The issuer shall not make preferential issue of specified securities to any person who has sold any equity shares of the issuer during the six months preceding the relevant date.

Any person belonging to promoter(s) or the promoter group has previously subscribed to warrants of an issuer but failed to exercise the warrants, the promoter(s) and promoter group shall be ineligible for issue of specified securities of such issuer on preferential basis for a period of one year from the date of expiry of the tenure of the warrants due to non-exercise of the option to convert or the date of cancellation of the warrants, as the case may be.

Question 38.
“Preferential issue is not for retail investors.”
Answer:

  • Preferential issue means issuance of equity shares to promoter group or selected investors. It covers allotment of fully convertible debentures, partly convertible debentures or any other financial instruments that could be converted into equity shares at a later date.
  • The investors could be institutional investors, private equity investors, high net worth individuals, or companies.
    Thus, preferential issue is not for retail investors.

Question 39.
Discuss briefly the following methods of raising funds from the primary capital market:

  • Public Issue.
  • Rights Issue.
  • Preferential Issue.
  • Private Placement.
  • Qualified institutional placement (QIP).

Answer:
Following methods of raising funds from the primary capital market are discussed below:

Public Issue are of two types: IPO and FPO.
Initial public offer (IPO) means an offer of specified securities by an unlisted issuer to the public for subscription and includes an Offer for Sale (OFS) of specified securities to the public by any existing holder of such securities in an unlisted issuer.
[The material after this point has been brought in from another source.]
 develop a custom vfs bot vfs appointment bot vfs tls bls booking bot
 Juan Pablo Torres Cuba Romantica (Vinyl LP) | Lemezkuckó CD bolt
Further Public Offer (FPO) means an offer of specified securities by a listed issuer company to the public for subscription. It is an another issue to the public other than its existing shareholders by the listed persons is referred to as a Further Public Offer.

Right Issue: Rights Issue of Securities is an issue of specified securities by a company to its existing shareholders as on a record date in a predetermined ratio.

Preferential Allotment: Preferential allotment refers to an issue, where a listed issuer issues shares or convertible securities to a select group of persons in terms of provisions of Chapter V of SEBI (ICDR) Regulations, 2018. It is called a preferential allotment.

The issuer is required to comply with various provisions which inter alia include pricing, disclosures in the notice, lock in etc. in addition to the requirements specified in the Companies Act.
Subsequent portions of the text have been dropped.